In 2005, Missouri received 16,695,000 visitors to its national parks and other recreational areas totaling 202,000 acres (820 km2), giving it $7.41 million in annual revenues, 26.6% of its operating expenditures.[24]
Topography
A physiographic map of Missouri.
North of, and in some cases just south of, the Missouri River lie the Northern Plains that stretch into Iowa, Nebraska, and Kansas. Here, rolling hills remain from the glaciation that once extended from the Canadian Shield to the Missouri River. Missouri has many large river bluffs along the Mississippi, Missouri, and Meramec Rivers. Southern Missouri rises to the Ozark Mountains, a dissected plateau surrounding the Precambrian igneous St. Francois Mountains. This region also hosts karst topography characterized by high limestone content with the formation of sinkholes and caves.[25]
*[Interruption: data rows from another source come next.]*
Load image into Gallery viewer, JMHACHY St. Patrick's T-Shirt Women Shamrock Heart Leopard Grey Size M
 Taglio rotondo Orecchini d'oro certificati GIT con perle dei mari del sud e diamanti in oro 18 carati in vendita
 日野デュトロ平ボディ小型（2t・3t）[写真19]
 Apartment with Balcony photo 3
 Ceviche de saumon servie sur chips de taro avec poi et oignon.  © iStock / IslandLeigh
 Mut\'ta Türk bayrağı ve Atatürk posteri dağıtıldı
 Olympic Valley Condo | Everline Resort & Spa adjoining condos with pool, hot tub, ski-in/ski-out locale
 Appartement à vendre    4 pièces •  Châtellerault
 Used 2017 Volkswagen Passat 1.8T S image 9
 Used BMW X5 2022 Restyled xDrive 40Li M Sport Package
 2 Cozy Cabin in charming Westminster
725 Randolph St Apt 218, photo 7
The Bell Mountain Wilderness of southern Missouri's Mark Twain National Forest
The southeastern part of the state is known as the Bootheel region, which is part of the Mississippi Alluvial Plain or Mississippi embayment. This region is the lowest, flattest, warmest, and wettest part of the state. It is also among the poorest, as the economy there is mostly agricultural.[26] It is also the most fertile, with cotton and rice crops predominant. The Bootheel was the epicenter of the four New Madrid Earthquakes of 1811 and 1812.
Climate
Main article: Climate of Missouri
Missouri generally has a humid continental climate with cold snowy winters and hot, humid, and wet summers. In the southern part of the state, particularly in the Bootheel, the climate becomes humid subtropical. Located in the interior United States, Missouri often experiences extremes in temperatures. Without high mountains or oceans nearby to moderate temperature, its climate is alternately influenced by air from the cold Arctic and the hot and humid Gulf of Mexico. Missouri's highest recorded temperature is 118 °F (48 °C) at Warsaw and Union on July 14, 1954 while the lowest recorded temperature is −40 °F (−40 °C) also at Warsaw on February 13, 1905.
Located in Tornado Alley, Missouri also receives extreme weather in the form of severe thunderstorms and tornadoes. The most recent tornado in the state to cause damage and casualties was the 2011 Joplin tornado, which destroyed roughly one-third of the city of Joplin. The tornado caused an estimated $1–3 billion in damages, killed 159 (+1 non-tornadic), and injured over 1,000 people. It was the first EF5 to hit the state since 1957 and the deadliest in the U.S. since 1947, making it the seventh deadliest tornado in American history and 27th deadliest in the world. St. Louis and its suburbs also have a history of experiencing particularly severe tornadoes, the most recent memorable one being an EF4 tornado that damaged Lambert-St. Louis International Airport on April 22, 2011. One of the worst tornadoes in American history struck St. Louis on May 27, 1896.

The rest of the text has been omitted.